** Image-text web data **

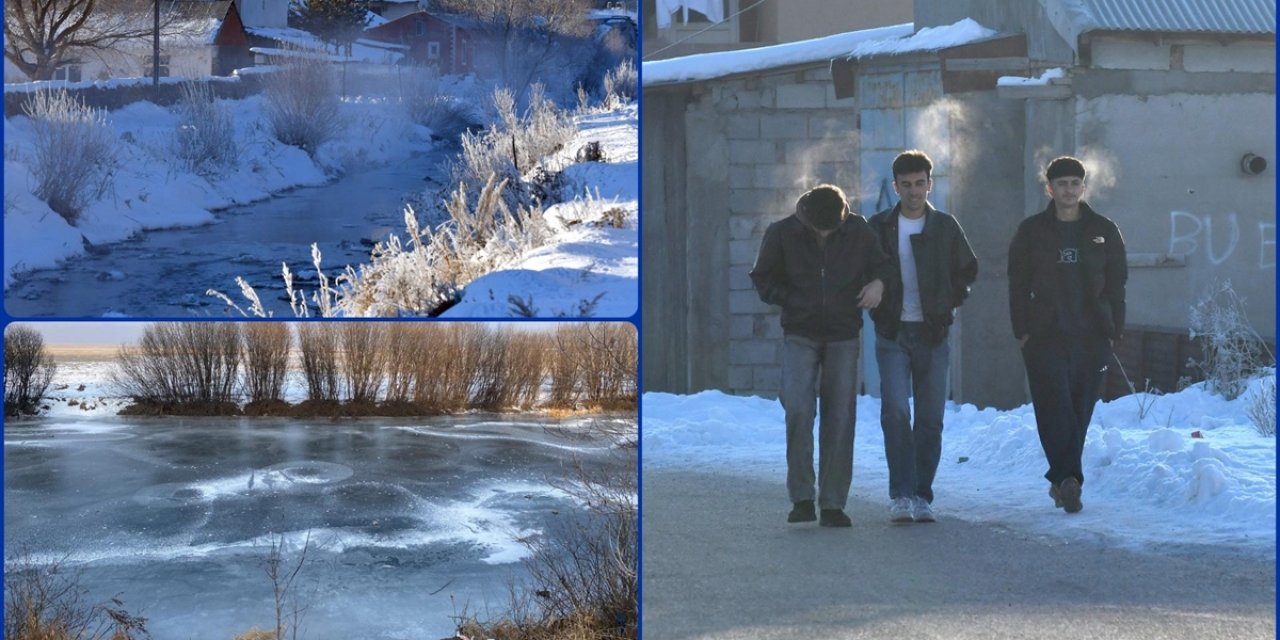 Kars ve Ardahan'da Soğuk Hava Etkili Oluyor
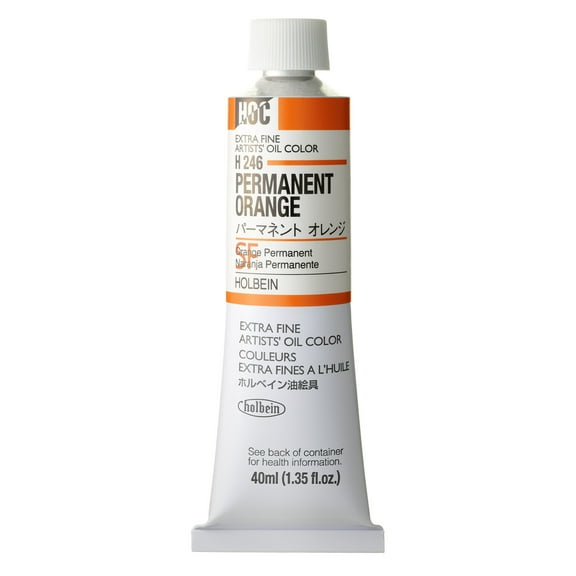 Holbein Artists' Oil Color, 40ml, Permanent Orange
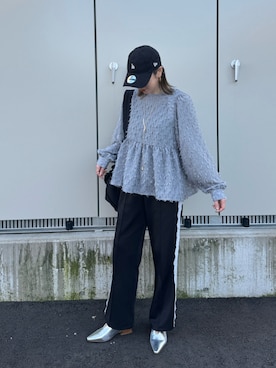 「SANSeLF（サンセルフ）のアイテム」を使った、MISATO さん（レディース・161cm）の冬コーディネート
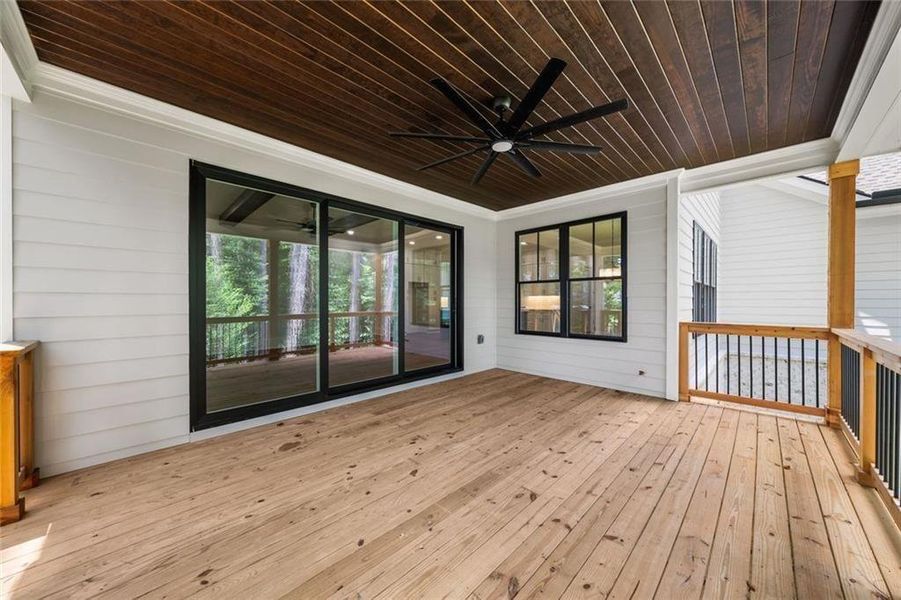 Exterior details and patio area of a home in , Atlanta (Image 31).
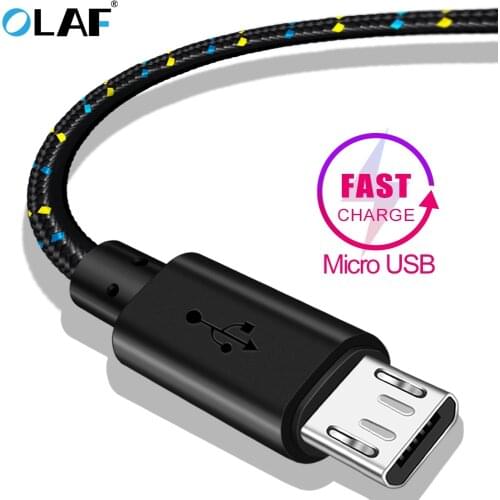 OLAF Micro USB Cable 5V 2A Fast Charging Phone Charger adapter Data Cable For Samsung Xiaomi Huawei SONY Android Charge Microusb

** WHAT NEEDS TO BE DONE **
Restate all of the data word for word and include no pictures.

** EXPECTED ANSWER **
 Kars ve Ardahan'da Soğuk Hava Etkili Oluyor
 Holbein Artists' Oil Color, 40ml, Permanent Orange
 「SANSeLF（サンセルフ）のアイテム」を使った、MISATO さん（レディース・161cm）の冬コーディネート
 Exterior details and patio area of a home in , Atlanta (Image 31).
 OLAF Micro USB Cable 5V 2A Fast Charging Phone Charger adapter Data Cable For Samsung Xiaomi Huawei SONY Android Charge Microusb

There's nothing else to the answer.